> _TASK ITEM_
With every picture left out, give the data below back exactly.

> _GIVEN DATA_
——
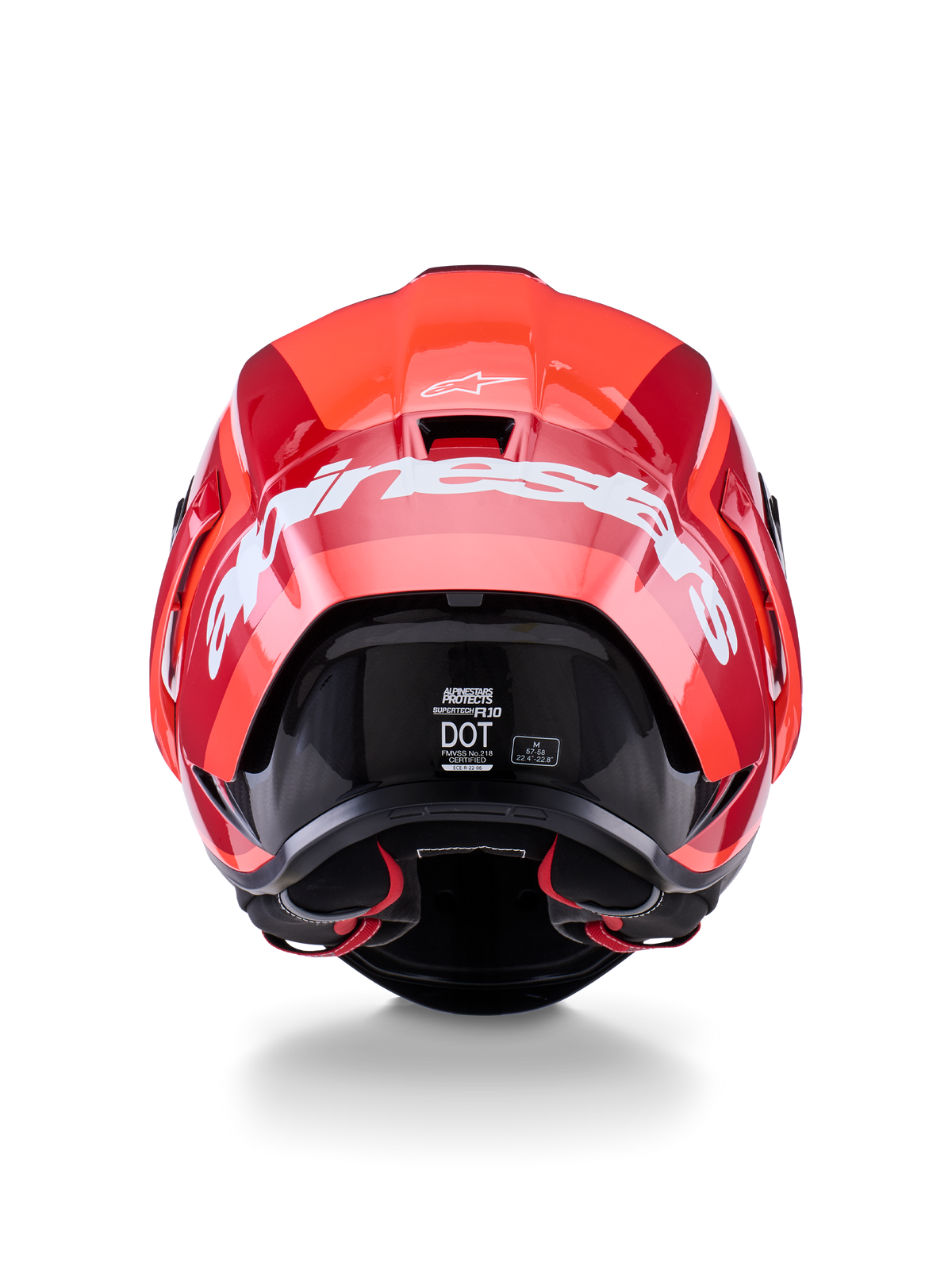 Alpinestars Supertech R10 Arius Helm, Rückansicht, Design in glänzendem Rot und Dunkelrot, großer weißer Alpinestars-Schriftzug auf der Rückseite, DOT- und ECE-Zertifizierungsetiketten sichtbar, aerodynamischer Hochleistungs-Rennhelm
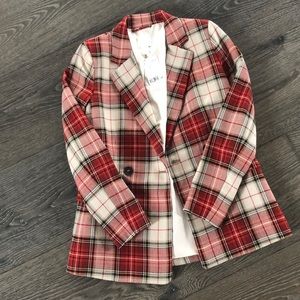 H&M Red Plaid Blazer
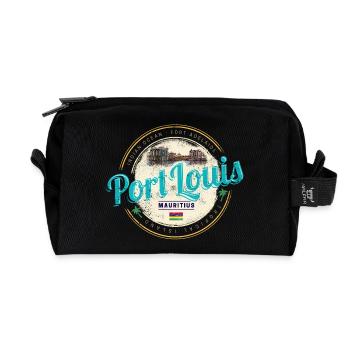 Port Louis Mauritius Indian Ocean Souvenir - Recycled Toiletry Zip Bag - black - Front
——
> _SOLUTION_
 Alpinestars Supertech R10 Arius Helm, Rückansicht, Design in glänzendem Rot und Dunkelrot, großer weißer Alpinestars-Schriftzug auf der Rückseite, DOT- und ECE-Zertifizierungsetiketten sichtbar, aerodynamischer Hochleistungs-Rennhelm
 H&M Red Plaid Blazer
 Port Louis Mauritius Indian Ocean Souvenir - Recycled Toiletry Zip Bag - black - Front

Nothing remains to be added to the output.